Un ancien ministre wallon MR sous les verrous, l’ancien comptable du sidérurgiste Duferco disparu, des sociétés offshore à profusion et des affaires de loterie qui tournent mal au Congo. L’enquête du juge Claise sur Serge Kubla ne manque pas de piquant.
L’affaire Kubla, c’est la chaudière carolo du MR, l’exotisme du Congo en plus. Lorsque le bourgmestre de Waterloo se voit décerner un mandat d’arrêt par le juge Michel Claise, le 24 février, l’opinion belge » découvre » que les parvenus ne sont pas l’apanage du Parti socialiste. Stupeur chez les libéraux dont l’une des grandes figures, l’ancien président du Sénat Armand De Decker, se dépêtrait déjà dans le sale bourbier du kazakhgate.

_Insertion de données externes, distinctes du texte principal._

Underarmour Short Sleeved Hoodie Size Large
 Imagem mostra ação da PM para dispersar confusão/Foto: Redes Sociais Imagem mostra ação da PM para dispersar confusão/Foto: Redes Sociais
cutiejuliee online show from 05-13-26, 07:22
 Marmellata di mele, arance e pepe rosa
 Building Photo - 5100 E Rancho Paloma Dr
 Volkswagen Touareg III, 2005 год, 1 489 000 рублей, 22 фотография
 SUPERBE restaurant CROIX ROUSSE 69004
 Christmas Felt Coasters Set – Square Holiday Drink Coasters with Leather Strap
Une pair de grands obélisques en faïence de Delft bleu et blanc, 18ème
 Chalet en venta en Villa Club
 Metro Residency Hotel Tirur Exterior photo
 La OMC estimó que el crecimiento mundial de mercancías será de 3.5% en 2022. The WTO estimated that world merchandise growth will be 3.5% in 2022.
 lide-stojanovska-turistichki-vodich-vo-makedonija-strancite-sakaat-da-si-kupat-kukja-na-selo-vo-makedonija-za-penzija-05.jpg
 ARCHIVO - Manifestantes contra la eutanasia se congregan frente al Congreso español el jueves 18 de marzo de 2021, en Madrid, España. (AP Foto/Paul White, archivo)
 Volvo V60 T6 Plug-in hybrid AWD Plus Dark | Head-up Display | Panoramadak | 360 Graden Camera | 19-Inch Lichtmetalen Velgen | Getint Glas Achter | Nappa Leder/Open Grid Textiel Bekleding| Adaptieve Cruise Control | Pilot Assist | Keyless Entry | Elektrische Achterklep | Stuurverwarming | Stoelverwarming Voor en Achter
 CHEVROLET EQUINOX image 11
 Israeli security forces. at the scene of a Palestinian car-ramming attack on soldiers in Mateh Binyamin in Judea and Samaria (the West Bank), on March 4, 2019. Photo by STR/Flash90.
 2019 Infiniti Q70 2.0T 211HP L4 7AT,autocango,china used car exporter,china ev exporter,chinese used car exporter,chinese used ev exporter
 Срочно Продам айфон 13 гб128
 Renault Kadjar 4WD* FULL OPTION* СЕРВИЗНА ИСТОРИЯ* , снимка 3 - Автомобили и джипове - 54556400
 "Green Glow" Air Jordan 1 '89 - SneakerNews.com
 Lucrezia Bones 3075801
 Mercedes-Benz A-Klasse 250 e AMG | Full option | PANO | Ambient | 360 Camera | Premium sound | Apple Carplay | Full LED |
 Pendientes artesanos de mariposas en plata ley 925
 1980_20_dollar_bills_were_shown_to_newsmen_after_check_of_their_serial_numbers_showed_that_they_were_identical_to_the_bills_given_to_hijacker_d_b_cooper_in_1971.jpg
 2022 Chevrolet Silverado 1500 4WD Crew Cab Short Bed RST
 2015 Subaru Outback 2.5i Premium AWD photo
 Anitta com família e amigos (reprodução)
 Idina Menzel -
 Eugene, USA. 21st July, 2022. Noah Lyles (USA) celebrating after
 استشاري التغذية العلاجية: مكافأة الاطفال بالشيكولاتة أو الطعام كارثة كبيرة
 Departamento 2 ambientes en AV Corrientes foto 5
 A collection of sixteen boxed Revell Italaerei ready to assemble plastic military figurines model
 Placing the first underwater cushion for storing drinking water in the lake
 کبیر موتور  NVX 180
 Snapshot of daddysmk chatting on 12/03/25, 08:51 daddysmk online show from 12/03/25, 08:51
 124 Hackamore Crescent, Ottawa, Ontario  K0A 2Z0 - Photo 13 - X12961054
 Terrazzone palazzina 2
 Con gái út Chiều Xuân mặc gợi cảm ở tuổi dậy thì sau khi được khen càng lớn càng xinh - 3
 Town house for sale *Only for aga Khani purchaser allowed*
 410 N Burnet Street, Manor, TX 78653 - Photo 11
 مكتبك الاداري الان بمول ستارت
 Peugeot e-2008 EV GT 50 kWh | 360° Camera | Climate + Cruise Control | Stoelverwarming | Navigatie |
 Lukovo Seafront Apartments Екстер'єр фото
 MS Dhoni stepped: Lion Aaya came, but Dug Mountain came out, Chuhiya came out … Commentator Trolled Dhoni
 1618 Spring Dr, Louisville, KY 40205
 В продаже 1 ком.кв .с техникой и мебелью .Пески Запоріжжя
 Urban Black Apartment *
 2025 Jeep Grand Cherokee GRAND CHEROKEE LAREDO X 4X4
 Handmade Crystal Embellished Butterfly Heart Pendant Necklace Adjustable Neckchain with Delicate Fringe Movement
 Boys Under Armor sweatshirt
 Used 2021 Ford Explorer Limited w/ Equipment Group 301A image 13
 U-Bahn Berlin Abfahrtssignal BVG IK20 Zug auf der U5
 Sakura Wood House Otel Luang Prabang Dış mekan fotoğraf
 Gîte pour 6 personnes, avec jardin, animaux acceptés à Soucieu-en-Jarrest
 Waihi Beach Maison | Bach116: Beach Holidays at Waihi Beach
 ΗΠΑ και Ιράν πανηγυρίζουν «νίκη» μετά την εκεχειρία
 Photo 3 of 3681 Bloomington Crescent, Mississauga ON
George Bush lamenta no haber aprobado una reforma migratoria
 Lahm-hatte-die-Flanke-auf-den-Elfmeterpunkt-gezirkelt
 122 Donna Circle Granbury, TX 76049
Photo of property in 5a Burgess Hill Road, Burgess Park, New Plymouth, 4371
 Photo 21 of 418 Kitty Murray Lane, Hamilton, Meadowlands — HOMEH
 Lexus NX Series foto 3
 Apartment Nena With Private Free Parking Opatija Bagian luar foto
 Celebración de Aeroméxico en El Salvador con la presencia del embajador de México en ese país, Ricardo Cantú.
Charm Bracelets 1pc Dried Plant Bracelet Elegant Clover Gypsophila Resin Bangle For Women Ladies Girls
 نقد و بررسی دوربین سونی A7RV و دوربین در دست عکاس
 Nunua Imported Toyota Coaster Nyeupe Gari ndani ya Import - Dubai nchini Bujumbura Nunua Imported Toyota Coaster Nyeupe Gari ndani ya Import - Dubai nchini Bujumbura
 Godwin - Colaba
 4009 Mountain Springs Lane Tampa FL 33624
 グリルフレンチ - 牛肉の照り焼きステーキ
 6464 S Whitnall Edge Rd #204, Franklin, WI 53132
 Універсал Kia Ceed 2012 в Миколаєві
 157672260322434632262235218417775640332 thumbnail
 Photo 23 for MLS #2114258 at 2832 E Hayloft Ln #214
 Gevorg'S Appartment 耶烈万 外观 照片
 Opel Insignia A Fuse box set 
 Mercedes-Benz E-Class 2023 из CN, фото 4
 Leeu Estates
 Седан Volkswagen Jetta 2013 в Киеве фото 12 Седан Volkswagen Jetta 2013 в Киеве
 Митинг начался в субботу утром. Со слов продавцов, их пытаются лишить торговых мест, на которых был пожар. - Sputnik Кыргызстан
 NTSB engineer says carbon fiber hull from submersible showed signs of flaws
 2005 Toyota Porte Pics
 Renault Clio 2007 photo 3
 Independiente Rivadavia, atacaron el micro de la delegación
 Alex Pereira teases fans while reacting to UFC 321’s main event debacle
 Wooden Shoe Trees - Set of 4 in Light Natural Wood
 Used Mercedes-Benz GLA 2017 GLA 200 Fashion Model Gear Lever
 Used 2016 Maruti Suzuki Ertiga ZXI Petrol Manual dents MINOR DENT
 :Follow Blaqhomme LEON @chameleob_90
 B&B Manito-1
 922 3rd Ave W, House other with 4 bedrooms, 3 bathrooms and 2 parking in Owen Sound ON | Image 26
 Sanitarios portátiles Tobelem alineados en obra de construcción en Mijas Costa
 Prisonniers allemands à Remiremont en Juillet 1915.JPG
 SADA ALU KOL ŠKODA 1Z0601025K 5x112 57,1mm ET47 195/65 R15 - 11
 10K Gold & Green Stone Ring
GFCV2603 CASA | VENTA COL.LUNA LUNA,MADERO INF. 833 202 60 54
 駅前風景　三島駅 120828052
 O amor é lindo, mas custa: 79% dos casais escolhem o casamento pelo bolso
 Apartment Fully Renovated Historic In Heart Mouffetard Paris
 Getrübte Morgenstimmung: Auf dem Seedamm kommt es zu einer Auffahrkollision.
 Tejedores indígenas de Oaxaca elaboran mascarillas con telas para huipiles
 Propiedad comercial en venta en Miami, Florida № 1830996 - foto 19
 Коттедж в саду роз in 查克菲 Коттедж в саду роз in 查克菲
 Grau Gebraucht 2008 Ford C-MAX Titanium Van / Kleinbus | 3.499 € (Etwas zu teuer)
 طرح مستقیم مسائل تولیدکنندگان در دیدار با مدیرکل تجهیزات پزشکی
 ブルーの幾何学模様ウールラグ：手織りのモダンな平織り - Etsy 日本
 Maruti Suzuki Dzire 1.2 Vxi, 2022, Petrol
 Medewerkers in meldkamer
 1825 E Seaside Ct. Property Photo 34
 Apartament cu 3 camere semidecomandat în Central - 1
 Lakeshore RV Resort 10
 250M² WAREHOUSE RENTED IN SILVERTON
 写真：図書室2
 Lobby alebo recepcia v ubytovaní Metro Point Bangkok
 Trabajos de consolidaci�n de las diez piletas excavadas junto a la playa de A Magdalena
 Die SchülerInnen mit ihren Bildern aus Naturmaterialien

Serge Kubla passera deux nuits à la prison de Saint-Gilles. En cause : une histoire de corruption dans la chaleur moite de l’ancienne colonie belge. Il aurait joué le rôle de porteur de valises pour le groupe Duferco, désireux de se lancer dans les affaires au Congo via un premier investissement sur le marché des jeux de hasard qui finira par mal tourner. Pour cela, il fallait graisser la patte de hauts responsables de Kinshasa. C’est ainsi que Kubla est suspecté d’avoir glissé une enveloppe contenant 20 000 euros à l’épouse du Premier ministre de l’époque, Alphonse Muzito, dans un hôtel bruxellois. Et ce, à titre d’acompte sur une somme évaluée à 500 000 euros.
L’enquête a tout du polar sombre. Elle a démarré en 2014, à la suite de l’étrange disparition sous les tropiques de l’ex-comptable de Duferco, Stephan De Witte, toujours recherché, mais probablement mort. Le juge Claise a ensuite remonté le fil de l’écheveau en traçant de curieux mouvements de fonds. Il a ainsi découvert que l’ancien ministre wallon était grassement rémunéré pour les services rendus à Duferco, soit 240 000 euros par an, qu’il touchait, depuis 2009, via une société-coquille maltaise. Montants confirmés par l’intéressé qui jure les avoir déclarés au fisc belge. Deux patrons du sidérurgiste italien feront également un séjour derrière les barreaux et seront inculpés pour les mêmes faits de corruption. Dans leur sillage, une myriade de sociétés offshore par lesquelles aurait transité l’argent sale des commissions.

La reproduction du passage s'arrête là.